CREATE TABLE
This article mainly introduces the syntax, clauses, parameters, and basic methods of creating tables using DDL statements.
Syntax
CREATE [PARTITION] TABLE [IF NOT EXISTS] tbl_name
(create_definition, ...)
[table_options]
[table_partition_definition]
create_definition:
col_name column_definition
| mysql_create_definition
| [UNIQUE] GLOBAL INDEX index_name [index_type] (index_sharding_col_name,...)
[global_secondary_index_option]
[index_option] ...
index_sharding_col_name:
col_name [(length)] [ASC | DESC]
index_option:
KEY_BLOCK_SIZE [=] value
| index_type
| WITH PARSER parser_name
| COMMENT 'string'
index_type:
USING {BTREE | HASH}
# Global Secondary Indexes (GSI) Related
global_secondary_index_option:
[COVERING (col_name,...)]
[partition_options]
# Partitioned Table Type Definition
table_partition_definition:
single
| broadcast
| partition_options
# Partition Strategy Definition
partition_options:
PARTITION BY
HASH({column_name | partition_func(column_name)})
| KEY(column_list)
| RANGE{({column_name | partition_func(column_name)})
| RANGE COLUMNS(column_list)}
| LIST{({column_name | partition_func(column_name)})
| LIST COLUMNS(column_list)} }
partition_list_spec
# Partition Function Definition
partition_func:
YEAR
| TO_DAYS
| TO_SECOND
| UNIX_TIMESTAMP
| MONTH
# Partition List Definition
partition_list_spec:
hash_partition_list
| range_partition_list
| list_partition_list
# Partitioned Table Column Definition Of Hash / Key Type
hash_partition_list:
PARTITIONS partition_count
# Partitioned Table Column Definition Of Range / Range Columns Type
range_partition_list:
range_partition [, range_partition ...]
range_partition:
PARTITION partition_name VALUES LESS THAN {(expr | value_list)} [partition_spec_options]

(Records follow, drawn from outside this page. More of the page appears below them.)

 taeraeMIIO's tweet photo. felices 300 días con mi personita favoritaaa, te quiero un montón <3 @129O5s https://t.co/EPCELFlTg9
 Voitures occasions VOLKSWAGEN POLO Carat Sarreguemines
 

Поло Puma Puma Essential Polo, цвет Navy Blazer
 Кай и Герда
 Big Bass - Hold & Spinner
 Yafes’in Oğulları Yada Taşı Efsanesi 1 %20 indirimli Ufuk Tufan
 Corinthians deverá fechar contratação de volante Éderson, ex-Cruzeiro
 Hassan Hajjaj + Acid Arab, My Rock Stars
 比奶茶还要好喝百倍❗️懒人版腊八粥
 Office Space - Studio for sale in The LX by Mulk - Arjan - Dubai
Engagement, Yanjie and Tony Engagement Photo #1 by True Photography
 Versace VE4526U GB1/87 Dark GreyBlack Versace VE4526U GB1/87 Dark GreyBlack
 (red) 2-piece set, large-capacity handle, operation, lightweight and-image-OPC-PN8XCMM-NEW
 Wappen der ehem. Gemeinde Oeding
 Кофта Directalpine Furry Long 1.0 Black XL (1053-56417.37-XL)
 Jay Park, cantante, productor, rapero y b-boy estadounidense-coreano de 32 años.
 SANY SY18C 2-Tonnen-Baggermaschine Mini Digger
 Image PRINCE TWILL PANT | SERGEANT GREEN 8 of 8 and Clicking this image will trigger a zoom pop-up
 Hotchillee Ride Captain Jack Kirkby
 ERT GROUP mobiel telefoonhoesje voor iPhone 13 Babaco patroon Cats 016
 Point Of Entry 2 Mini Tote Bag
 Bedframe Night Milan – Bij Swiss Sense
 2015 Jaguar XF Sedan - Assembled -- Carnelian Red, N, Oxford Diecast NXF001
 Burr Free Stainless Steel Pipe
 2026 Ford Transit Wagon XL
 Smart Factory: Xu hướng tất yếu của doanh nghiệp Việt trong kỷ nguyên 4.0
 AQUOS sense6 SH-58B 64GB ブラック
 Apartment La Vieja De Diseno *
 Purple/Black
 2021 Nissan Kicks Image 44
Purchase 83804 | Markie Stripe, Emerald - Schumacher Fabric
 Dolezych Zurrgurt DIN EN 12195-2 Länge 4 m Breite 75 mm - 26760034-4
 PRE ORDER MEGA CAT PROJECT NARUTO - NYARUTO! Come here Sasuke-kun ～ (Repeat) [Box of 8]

# Partitioned Table Column Definition Of List / List Columns Type
list_partition_list:
list_partition [, list_partition ...]
list_partition:
PARTITION partition_name VALUES IN (value_list) [partition_spec_options]
partition_spec_options:
[[STORAGE] ENGINE [=] engine_name]
[COMMENT [=] 'string']
[{CHARSET | CHARACTER SET} [=] charset]
[COLLATE [=] collation]
[TABLEGROUP [=] table_group_id]
[LOCALITY [=] locality_option]
locality_option:
'dn=storage_inst_id_list'
storage_inst_id_list:
storage_inst_id[,storage_inst_id_list]
Note The DDL syntax of PolarDB-X is based on MySQL syntax. The above mainly lists the differences. For detailed syntax, please refer toMySQL Document 。
Default Automatic Partitioning
In PolarDB-X, when creating a table without specifying a partition key, the system will default to using the primary key (or an implicit primary key if none is specified) and apply the KEY partitioning strategy. The default number of partitions created is 64.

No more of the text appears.